Tuesday, March 15, 2011
Tuesday, North Shore
The waves were high today. Way high. Sunset and Banzai Pipeline were closed altogether. They were taped off like a crime scene. Waimea Bay was closed to swimmers. There were only a few surfing gurus out there, but still the lifeguards were on their bullhorns. Shark's Cove was all froth. The Young Amphibians were a little disappointed because they couldn't go in the water.
The surfers coming in said it was "different." They didn't seem to have had much fun.

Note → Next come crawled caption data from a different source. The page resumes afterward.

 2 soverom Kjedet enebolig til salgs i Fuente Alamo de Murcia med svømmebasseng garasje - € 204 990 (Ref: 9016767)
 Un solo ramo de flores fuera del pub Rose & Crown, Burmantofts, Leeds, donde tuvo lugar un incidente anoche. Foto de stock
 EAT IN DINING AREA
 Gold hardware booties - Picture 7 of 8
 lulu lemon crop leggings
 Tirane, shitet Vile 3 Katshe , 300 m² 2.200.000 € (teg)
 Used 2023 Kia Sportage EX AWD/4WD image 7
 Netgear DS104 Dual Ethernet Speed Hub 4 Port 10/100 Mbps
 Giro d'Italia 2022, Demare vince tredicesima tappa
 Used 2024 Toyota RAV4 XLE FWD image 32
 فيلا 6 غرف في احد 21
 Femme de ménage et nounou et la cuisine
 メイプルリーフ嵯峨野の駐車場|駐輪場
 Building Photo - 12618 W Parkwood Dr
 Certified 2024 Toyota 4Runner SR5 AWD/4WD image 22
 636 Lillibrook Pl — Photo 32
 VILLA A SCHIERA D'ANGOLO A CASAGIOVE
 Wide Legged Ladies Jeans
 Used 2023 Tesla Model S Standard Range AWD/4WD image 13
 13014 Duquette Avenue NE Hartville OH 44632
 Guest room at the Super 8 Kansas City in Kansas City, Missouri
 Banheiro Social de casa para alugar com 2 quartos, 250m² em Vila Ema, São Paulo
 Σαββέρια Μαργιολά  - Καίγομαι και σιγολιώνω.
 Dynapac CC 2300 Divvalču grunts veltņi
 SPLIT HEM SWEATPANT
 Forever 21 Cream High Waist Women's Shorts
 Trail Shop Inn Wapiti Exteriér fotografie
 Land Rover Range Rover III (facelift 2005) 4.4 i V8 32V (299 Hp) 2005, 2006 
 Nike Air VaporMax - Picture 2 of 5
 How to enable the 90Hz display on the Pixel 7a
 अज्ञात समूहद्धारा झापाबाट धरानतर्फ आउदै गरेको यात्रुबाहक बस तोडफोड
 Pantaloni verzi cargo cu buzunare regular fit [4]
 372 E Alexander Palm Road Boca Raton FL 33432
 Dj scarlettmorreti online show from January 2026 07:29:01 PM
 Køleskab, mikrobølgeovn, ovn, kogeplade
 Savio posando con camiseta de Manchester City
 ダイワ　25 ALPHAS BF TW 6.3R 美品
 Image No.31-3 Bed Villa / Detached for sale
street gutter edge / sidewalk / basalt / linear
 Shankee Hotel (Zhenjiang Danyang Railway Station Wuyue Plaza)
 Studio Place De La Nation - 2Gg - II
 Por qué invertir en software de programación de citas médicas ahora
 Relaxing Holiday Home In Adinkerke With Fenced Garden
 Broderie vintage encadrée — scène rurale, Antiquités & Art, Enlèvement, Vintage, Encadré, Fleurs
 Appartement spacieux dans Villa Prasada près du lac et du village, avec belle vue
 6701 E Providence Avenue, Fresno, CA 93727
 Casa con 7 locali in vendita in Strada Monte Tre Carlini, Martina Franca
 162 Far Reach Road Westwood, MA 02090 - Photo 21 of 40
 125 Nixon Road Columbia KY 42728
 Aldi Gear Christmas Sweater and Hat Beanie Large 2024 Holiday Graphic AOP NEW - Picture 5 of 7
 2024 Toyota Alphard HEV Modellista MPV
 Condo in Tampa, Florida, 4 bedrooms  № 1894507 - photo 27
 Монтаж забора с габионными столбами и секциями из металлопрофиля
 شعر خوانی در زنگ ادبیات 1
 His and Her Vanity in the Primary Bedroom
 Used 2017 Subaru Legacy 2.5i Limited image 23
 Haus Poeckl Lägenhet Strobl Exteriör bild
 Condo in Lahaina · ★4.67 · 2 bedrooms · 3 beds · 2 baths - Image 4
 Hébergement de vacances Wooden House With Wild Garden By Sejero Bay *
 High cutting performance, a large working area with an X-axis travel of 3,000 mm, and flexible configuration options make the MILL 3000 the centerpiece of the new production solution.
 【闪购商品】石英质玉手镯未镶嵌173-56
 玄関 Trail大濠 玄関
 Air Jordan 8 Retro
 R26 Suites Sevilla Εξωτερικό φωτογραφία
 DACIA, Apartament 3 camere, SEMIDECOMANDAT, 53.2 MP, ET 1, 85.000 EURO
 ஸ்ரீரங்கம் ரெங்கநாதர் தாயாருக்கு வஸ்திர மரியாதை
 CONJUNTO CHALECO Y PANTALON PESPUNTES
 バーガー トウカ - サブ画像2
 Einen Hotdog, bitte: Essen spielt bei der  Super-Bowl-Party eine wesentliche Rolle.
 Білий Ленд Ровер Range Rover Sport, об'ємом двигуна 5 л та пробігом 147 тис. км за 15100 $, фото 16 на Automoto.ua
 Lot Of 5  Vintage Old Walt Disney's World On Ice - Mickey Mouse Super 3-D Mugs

The waves out on the reef in front of our rental were also high. The water gets shallow there; it's only about five or six feet deep even a few hundred yards away from shore. The waves don't break on the beach, but way out on the reef. I don't think people surf there at all. If they go under (and the waves can hold you under for a while, like minutes,) you could get torn up. It's great for snorkeling and splashing around, though, and safe for the Y.A.'s because it's calm from the sea-wall on out to the reef.
We cooked up food that we bought at the roadside places. The best things to eat here are not found in stores or restaurants, but from trucks. There are shrimp ponds on the northeast corner of the island at Kahuku and we passed them several times as we went back and forth from the famous beaches on the north shore. Open stands sell fresh fruit, too.
I have seen no Hispanic nor native southwestern faces here like you do in Phoenix but there's a great mix of people out and about. There have been several waves of immigration to Hawaii; from China, Japan, Korea, the Philippines, and the mainland. I've read that there are only about 9,000 people on the islands who are of original Hawaiian descent. As in Phoenix you hear a variety of languages; but unlike there, no Spanish.
Signage tends to be hand-painted.
Much of the housing here is in some mild state of disrepair upon close inspection. It's not an upscale area. As I mentioned before: think "chickens in the road." The climate must be rough on wooden homes, which is what they're almost all made of. Peeling paint, rusty vehicles, mud, but with lush tropical greenery. The beaches are immaculate.
Lava stones are used for outside walls that function as fences, but not as walls for homes. That's too bad because it's obviously a plentiful local material and quite beautiful.
There's a cute little medical center nearby. It has eleven(!) acute-care beds and ten long-term care beds. I currently work in a hospital roughly thirty times bigger than that. I don't think they need my services as a nurse here anyways.
I'd have better luck opening up a professional sign shop.